So Joey was tired and realized that he really just should have headed home to his bed this morning, waited to cash in his fat paycheck and buy himself a bicycle for the summer, so he could go to work and make more money to buy more things and pay taxes like everyone and go clubbing with Tracey Simmonds' gang and maybe hook up with a stranger like everyone seemed to do these days and give actual sex a try and do his best to try and hide it from his friends and families as long as he could, or keep quiet about it if they ever found out so that he wouldn't upset them too much at summer barbecues in their parents’ backyards.
You know, just a decent, reasonably normal life.
He should not have been nursing second thoughts about whether or not he'd accidentally 'hurt' Seto Kaiba's so-called 'feelings' and he should certainly not have lured himself into thinking Kaiba wasn't able to handle his own emotional life by himself. Assuming he had any? Heck, the guy didn't even have friends. He certainly wouldn't know what use to make of an apology, especially one that apparently wasn't needed in the first place.
Fuck.
Fuck-fuck-fuck me and my stupid ideas.
I'm outta here.
He retraced his steps to that little lobby, hoping that he wouldn't cross paths with Clarissa because he wasn't in the mood to give her constructive feedback on her misguided attempts at helping her employer forge friendships.
The lobby was devoid of the earlier bustle it had hosted. The kite had been taken away. One employee was kneeling by the boot rack. Beside him lay a circular, metal tin and a soiled, battered brush.
And on the bench, staring at the spot where the kite had lain, or maybe outside, at the aerial spaces it had claimed, sat the younger master of the house, shoes off but still in his red and yellow windbreaker, hugging his knees.
Mokuba’s hair was in a mess, and the idle wrapper was gone.
The modern day servant began stroking a boot with the wax laden brush, turning a respectful blind eye the obvious melancholy of the boy.
That scene angered Joey for some reason.
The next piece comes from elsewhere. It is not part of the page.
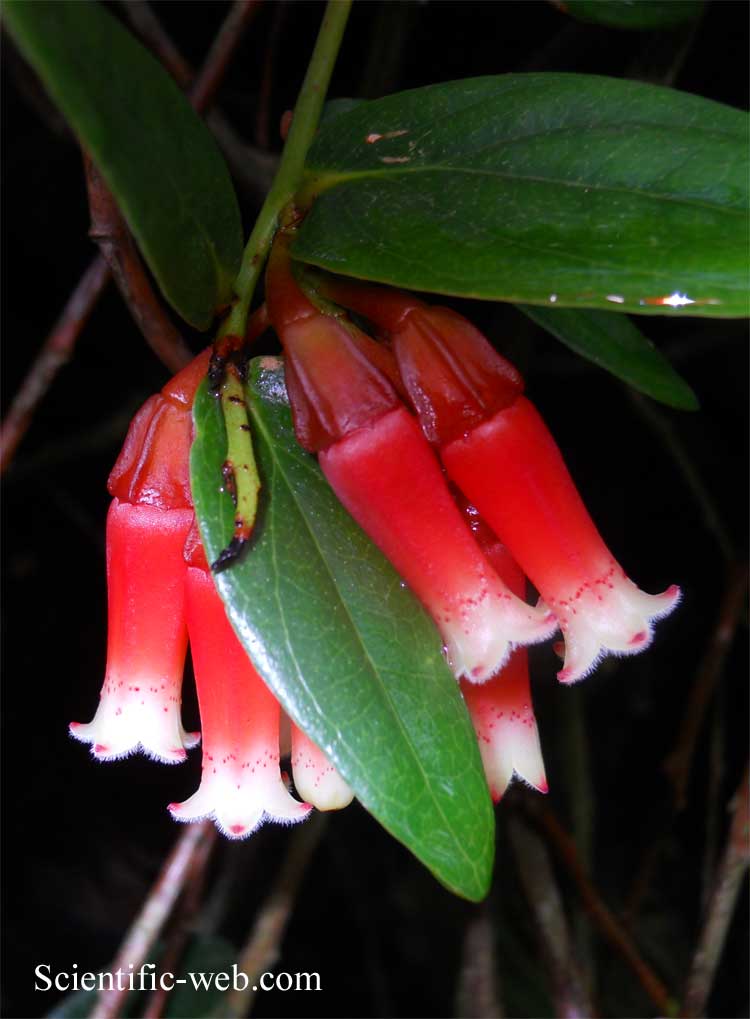 Macleania cordifolia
It was pathetic in so many ways. Inexcusable, on so many grounds.
He took a moment to exhale the rage away. There would be a time for yelling his resent for the older Kaiba at the top of his lungs, or who knows, for forgiving him in the most pious of ways, and allowing himself to accept that those adrenaline packed fights were a thing of the past. But now was not that time, and it definitely wasn't Mokuba's fault he ended up caught up in this ordeal.
Joey sat next to, or rather behind, Mokuba. The boy stiffened, a sure sign that he’d sensed Joey’s presence, even though he didn’t look eager to acknowledge him.
“I'm sorry I ruined your morning,” Joey said, bracing his knees with his hands for courage. It amazed him how freely the words had come out for Mokuba, and how costly they felt as far as his brother was concerned.
The boy shrugged.
“I should have known. I guess...” He scratched the back of his head. “I guess walking in on you guys wasn't the best idea.”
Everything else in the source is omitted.